BEGIN Supplied material

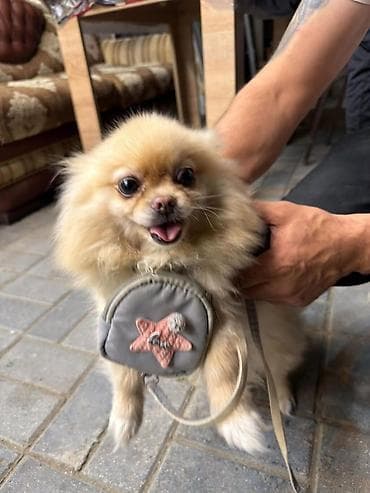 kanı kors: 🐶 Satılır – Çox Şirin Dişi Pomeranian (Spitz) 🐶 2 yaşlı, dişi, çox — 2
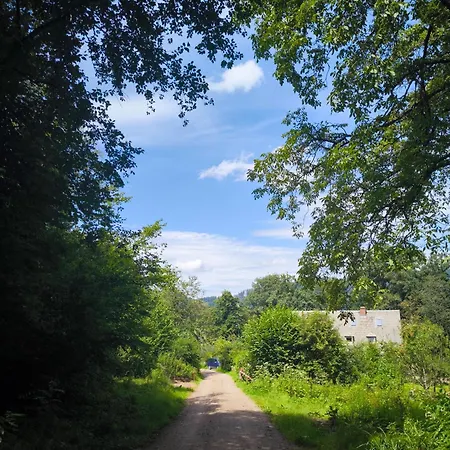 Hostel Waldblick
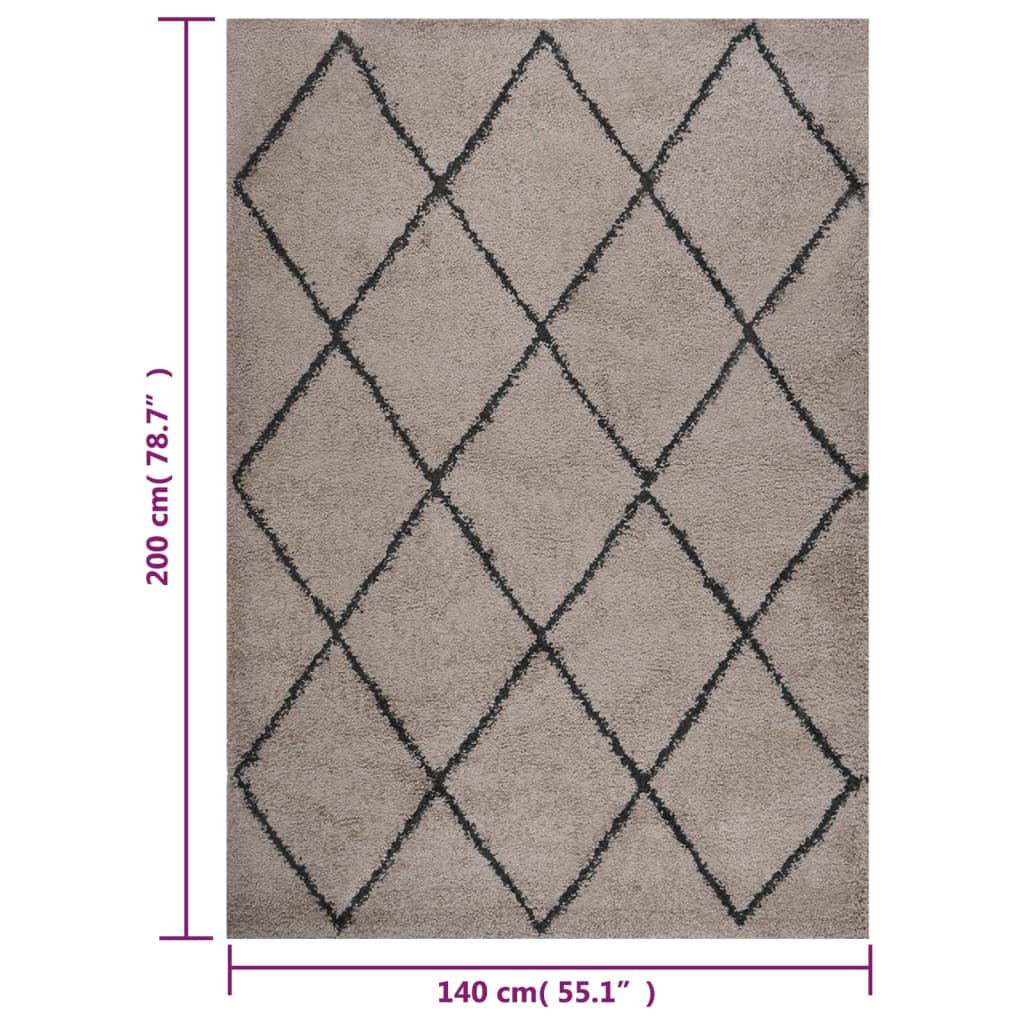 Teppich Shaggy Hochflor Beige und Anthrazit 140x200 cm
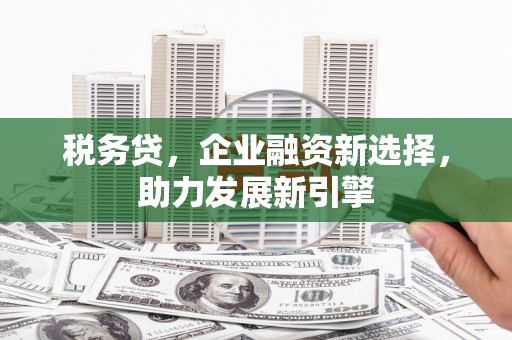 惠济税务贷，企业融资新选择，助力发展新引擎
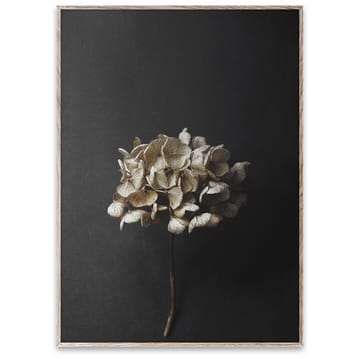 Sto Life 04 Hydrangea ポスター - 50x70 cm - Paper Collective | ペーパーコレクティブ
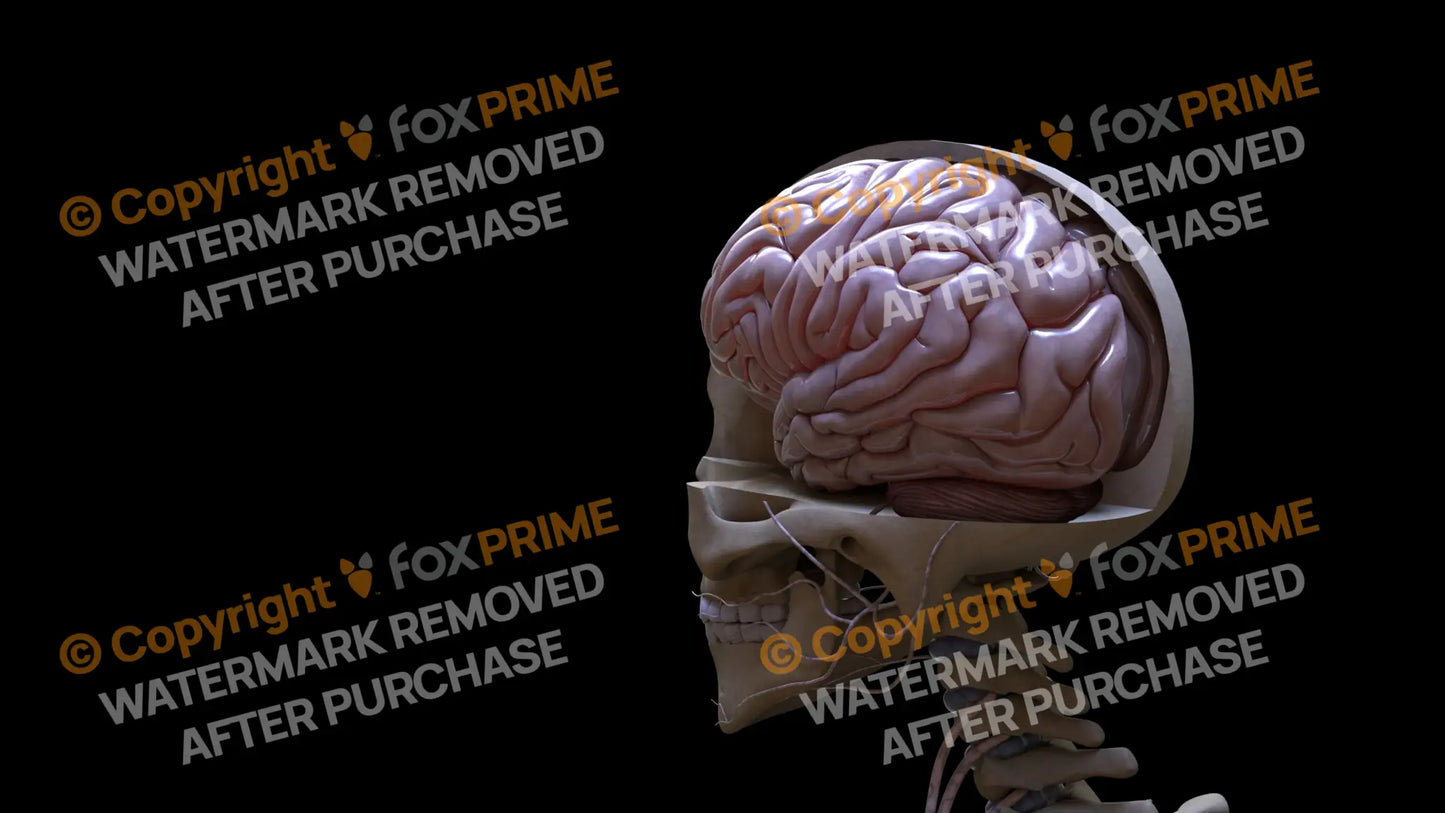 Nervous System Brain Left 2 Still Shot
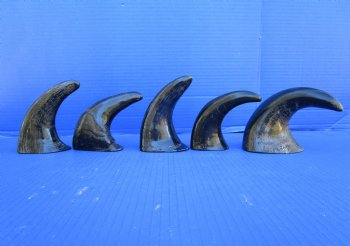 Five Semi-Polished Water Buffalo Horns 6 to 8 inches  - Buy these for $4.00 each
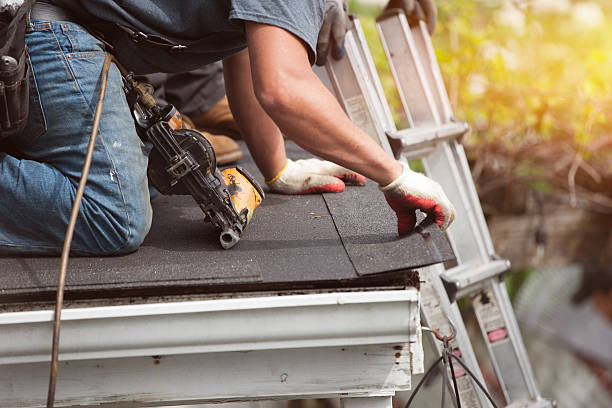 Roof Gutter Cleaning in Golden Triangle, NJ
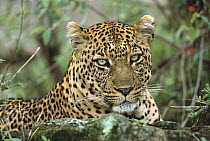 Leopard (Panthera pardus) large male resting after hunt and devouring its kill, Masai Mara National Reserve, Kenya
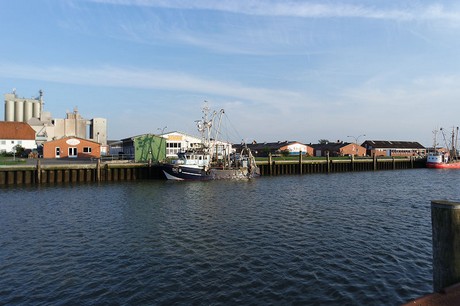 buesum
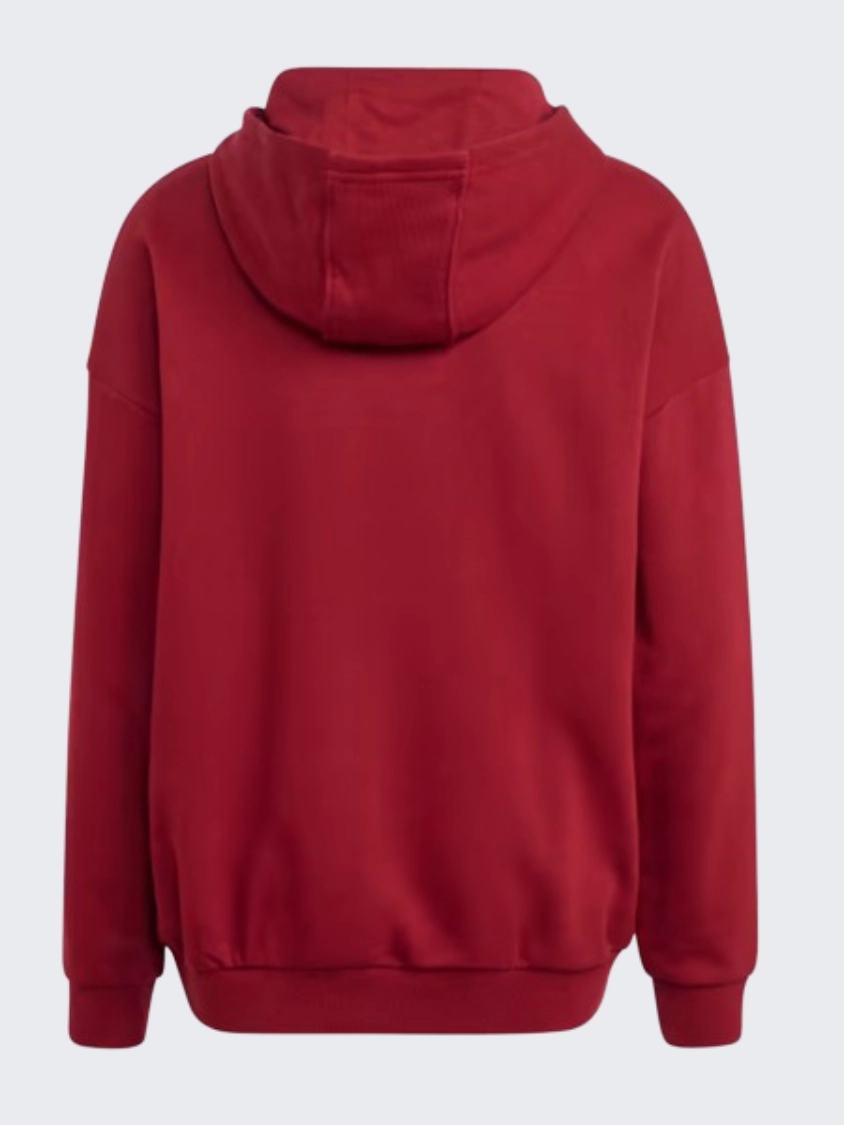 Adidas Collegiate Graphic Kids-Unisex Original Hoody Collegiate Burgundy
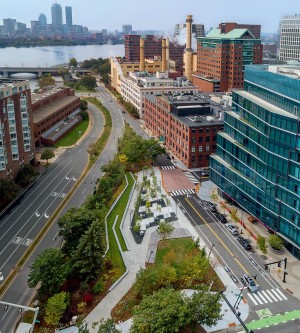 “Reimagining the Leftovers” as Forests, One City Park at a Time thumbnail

END Supplied material

▶ _Problem_: Repeat exactly the lines above, from the line that contains "惠济税务贷，企业融资新选择，助力发展新引擎" down through the line that contains "Roof Gutter Cleaning in Golden Triangle, NJ". Include both of those lines and none of the pictures.

▶ _Output of the exercise_:
 惠济税务贷，企业融资新选择，助力发展新引擎
 Sto Life 04 Hydrangea ポスター - 50x70 cm - Paper Collective | ペーパーコレクティブ
 Nervous System Brain Left 2 Still Shot
 Five Semi-Polished Water Buffalo Horns 6 to 8 inches  - Buy these for $4.00 each
 Roof Gutter Cleaning in Golden Triangle, NJ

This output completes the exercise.